La paziente presentava un polipo del colon di circa 3 centimetri, localizzato in un tratto di parete assottigliata e con caratteristiche sospette. In una prima valutazione, effettuata fuori provincia, era stata indicata la necessità di un intervento chirurgico demolitivo.

La nuova valutazione e la scelta terapeutica

Rivoltasi successivamente al presidio ospedaliero di Sora, la paziente è stata sottoposta a una nuova valutazione specialistica. L’analisi del caso ha consentito di individuare un’alternativa alla chirurgia tradizionale, ritenendo la lesione trattabile con una procedura endoscopica avanzata.

La tecnica utilizzata è la FTRD, Full-Thickness Resection Device, che permette la resezione a tutto spessore della parete intestinale e la rimozione completa della lesione in un’unica seduta.

Intervento ambulatoriale e recupero immediato

L’intervento è stato eseguito in regime ambulatoriale dal dottor Massimo Pompa, attualmente unico endoscopista formato ed esperto nell’utilizzo di questa metodica all’interno della struttura.

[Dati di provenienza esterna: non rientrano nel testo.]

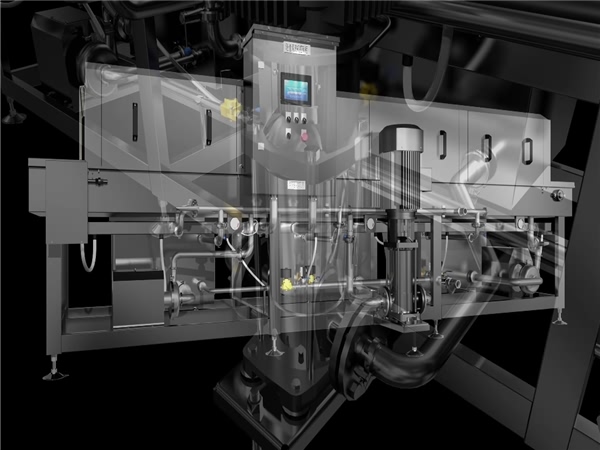 周轉(zhuǎn)筐清洗機，周轉(zhuǎn)筐清洗機圖片，周轉(zhuǎn)筐清洗機價格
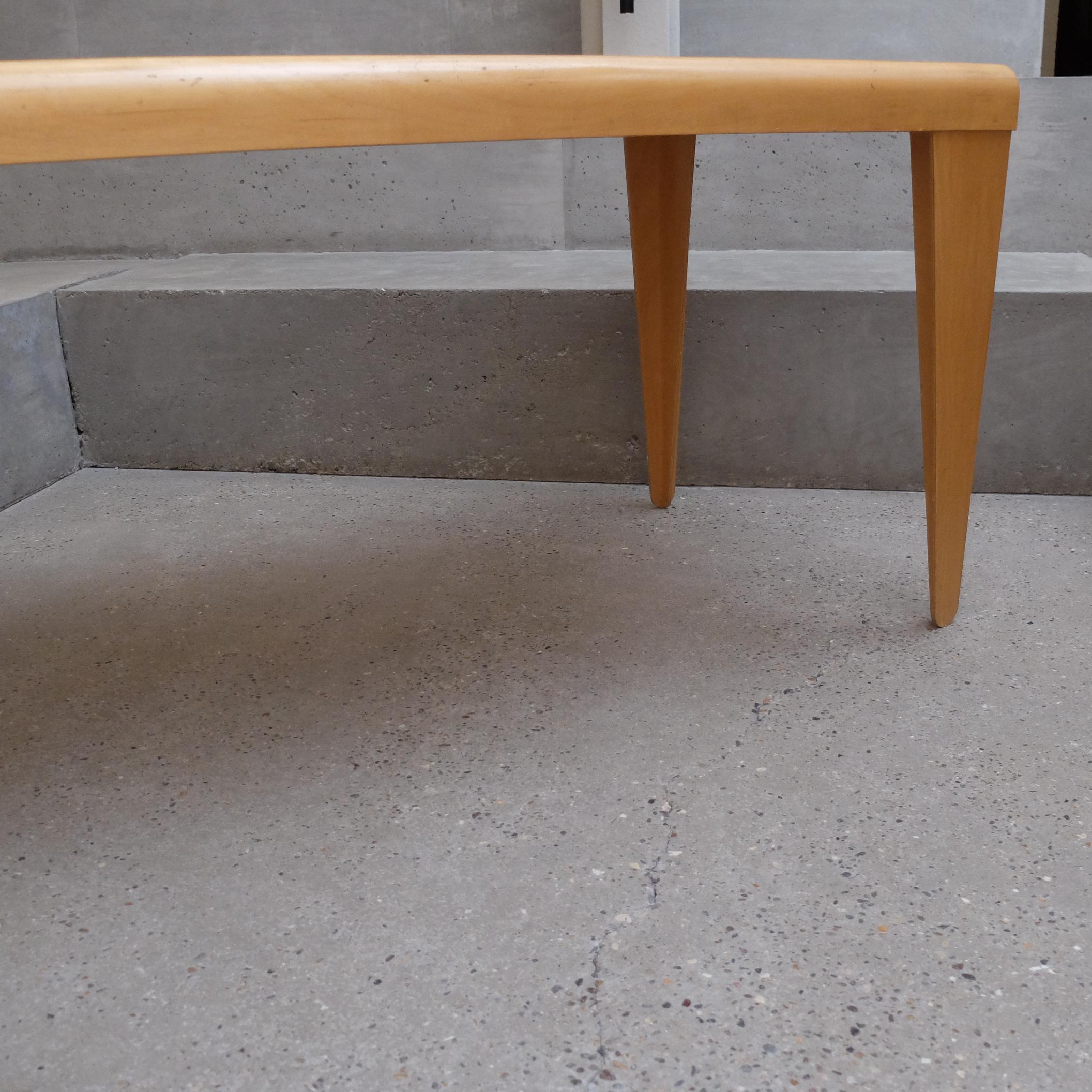 Fin du 20e siècle Table à manger Isokon T3 Breuer avec Pritchard et Gropius 1/3 fabriquée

La procedura non ha richiesto ricovero ospedaliero e ha consentito un recupero immediato, evitando l’intervento chirurgico precedentemente indicato e garantendo un approccio conservativo.

Tecniche innovative e sanità territoriale

La tecnica FTRD rappresenta oggi una delle soluzioni più avanzate per il trattamento mininvasivo delle lesioni tumorali del colon in fase iniziale, offrendo un’alternativa efficace alla chirurgia nei casi selezionati.

La Direzione Aziendale ha espresso soddisfazione per il risultato ottenuto, sottolineando l’impegno dell’ASL Frosinone nel potenziare l’offerta di tecniche innovative e nel garantire percorsi di cura sempre più sicuri e orientati alla minima invasività.